= Zero-one-infinity rule =

Software design rule

The zero-one-infinity (ZOI) rule is a rule of thumb in software design proposed by early computing pioneer Willem van der Poel. It argues that arbitrary limits on the number of instances of a particular type of data or structure should not be allowed. Instead, an entity should either be forbidden entirely, only one should be allowed, or any number of them should be allowed. Although various factors outside that particular software could limit this number in practice, it should not be the software itself that puts a hard limit on the number of instances of the entity.

Examples of this rule may be found in the structure of many file systems' directories (also known as folders):
- 0 – The topmost directory has zero parent directories; that is, there is no directory that contains the topmost directory.
- 1 – Each subdirectory has exactly one parent directory (not including shortcuts to the directory's location; while such files may have similar icons to the icons of the destination directories, they are not directories at all).
- Infinity – Each directory, whether the topmost directory or any of its subdirectories, according to the file system's rules, may contain any number of files or subdirectories. Practical limits to this number are caused by other factors, such as space available on storage media.

==Authorship==

Van der Poel confirmed that he was the originator of the rule, but Bruce MacLennan has also claimed authorship (in the form "The only reasonable numbers are zero, one and infinity."), writing in 2015 that:

Of course, the Zero-One-Infinity Principle was intended as a design principle for programming languages, and similar things, in order to keep them cognitively manageable. I formulated it in the early 70s, when I was working on programming language design and annoyed by all the arbitrary numbers that appeared in some of the languages of the day. I certainly have no argument against estimates, limits, or numbers in general! As you said, the problem is with arbitrary numbers.

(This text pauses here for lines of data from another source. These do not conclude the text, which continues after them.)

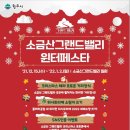 트리밸리2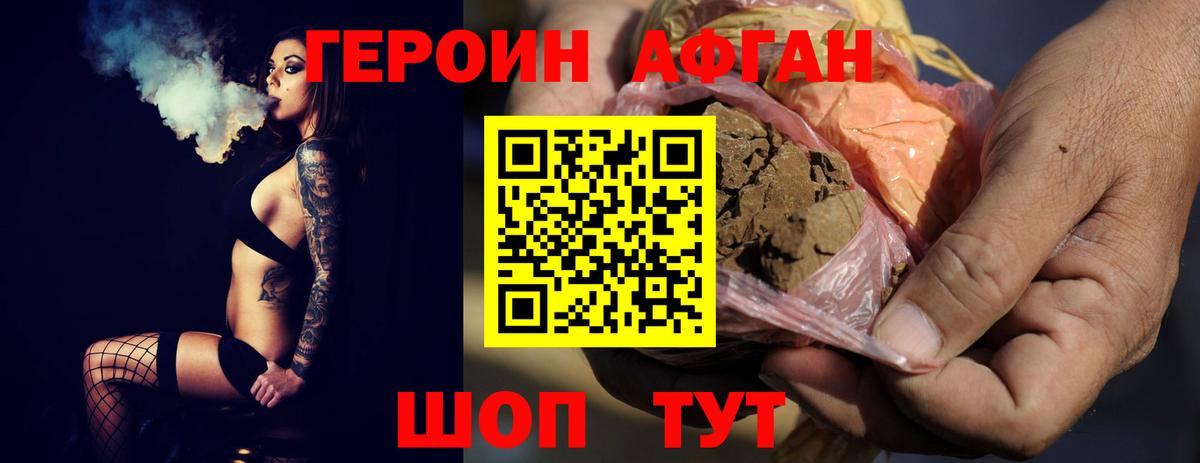 ГЕРОИН гречка Кострома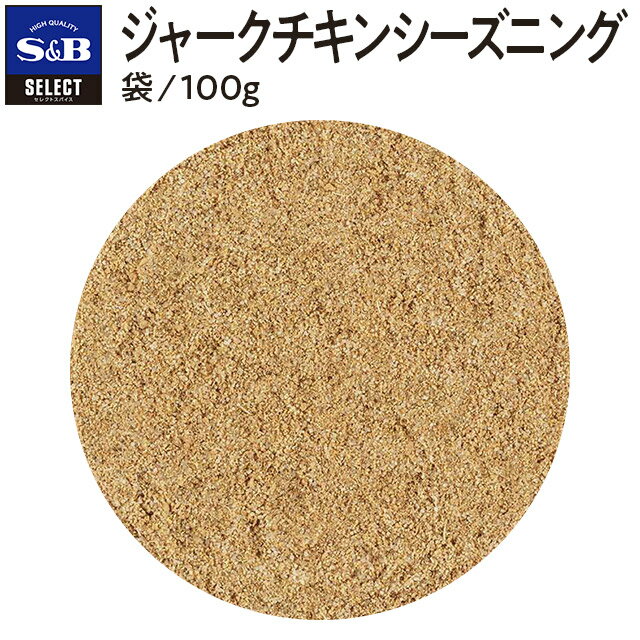 S&B セレクトスパイス ジャークチキンシーズニング 袋入り 100g 業務用 エスビー食品 公式 スパイス ハーブ 調味料 SELECT SPICE ジャマイカ 大容量 お手軽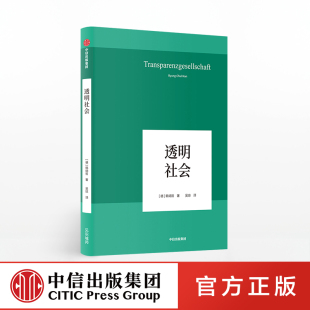 透明社会 社 中信出版 韩炳哲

I don't think I used it in print before I wrote my 1983 PL book [Principles of Programming Languages: Design, Evaluation, and Implementation]. Dick Hamming encouraged me to organize it around principles (a la Kernighan & Plauger and Strunk & White), and the Zero-One-Infinity Principle was one of the first. (FWIW, the name "Zero-One-Infinity Principle" was inspired by George Gamow's book "One Two Three... Infinity", which I read in grade school.)